Bering Land Bridge: Evidence & Migration

Instructor: Betsy Chesnutt

Betsy teaches college physics, biology, and engineering and has a Ph.D. in Biomedical Engineering

During the last ice age, the Bering Land Bridge connected Siberia and Alaska. People were able to migrate from Siberia to North America across this land bridge. In this lesson, learn about this migration and the evidence for what happened when people first came to the Americas.

What was the Bering Land Bridge?

15,000 years ago in Northern Siberia, you could look toward Alaska and see nothing but dry land in every direction. You could walk from one continent to another and not even notice. In fact, many people did. Around this time, it is believed the first people crossed from Siberia into North America over dry land. The descendants of those first Americans would eventually spread out over two entire continents. How was this possible?
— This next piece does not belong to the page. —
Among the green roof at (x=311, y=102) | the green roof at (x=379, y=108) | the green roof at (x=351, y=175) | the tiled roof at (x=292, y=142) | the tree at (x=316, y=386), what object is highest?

Between 30,000 and 15,000 years ago, the climate of the Earth was very different from today. During the peak of this ice age, global temperatures were lower and a lot more of the world's water was locked up in massive icy glaciers. Because there was less water in the oceans, coastlines throughout the world looked quite different from the way they look today, and many places that people and animals once lived are now under water.

Today, Alaska and Sibera are separated by the Bering Sea
Bering Sea

One such place is the Bering Land Bridge that once connected Siberia and Alaska. For thousands of years, the shallow Bering Sea has separated Asia and North America, but long ago, it was different. During the last ice age, the Bering Sea was not there. Instead, the regions we now know as Siberia and Alaska were connected by dry land. It is likely that people lived there for thousands of years, eventually crossing from Siberia into North America, where they would go on to populate two continents!

During the last ice age, Siberia and Alaska were connected by an area of dry land known as the Bering Land Bridge
bering land bridge

The First Americans

In the 1930s, scientists began to find evidence that people first entered the Americas through the Bering Land Bridge before spreading east and south to populate the rest of the continent, although this idea was not accepted by all scientists right away. Today, genetic evidence suggests that all of the indigenous people of North and South America descended from people living on the Bering Land Bridge. These people of Beringia were separated from northeast Siberia for a long enough time to develop genetic differences, which were passed onto Americans.

The people who crossed the Bering land bridge to North America passed on genes to the Inuit people who still live in Northern Alaska and Canada
inuit family

Core samples taken from the land that once was part of the Bering Land Bridge show that during this time, a wide variety of plants grew over this area. Fossils of large mammals dating to the time of the ice age have also been found on the Aleutian Islands in the middle of the modern day Bering Sea. All this evidence indicates that, even though it was cold, conditions were good enough for people to have lived on the land bridge itself during the ice age.

Siberia to Beringia

The most recent evidence seems to indicate that people first crossed from Siberia onto the Bering Land Bridge, also called Beringia, about 30,000 years ago. At some point after that, the climate became even colder and much of the land in northeastern Siberia became inhospitable. However, conditions were better on parts of the land bridge and people were able to survive there, although they were cut off from the rest of the world for thousands of years.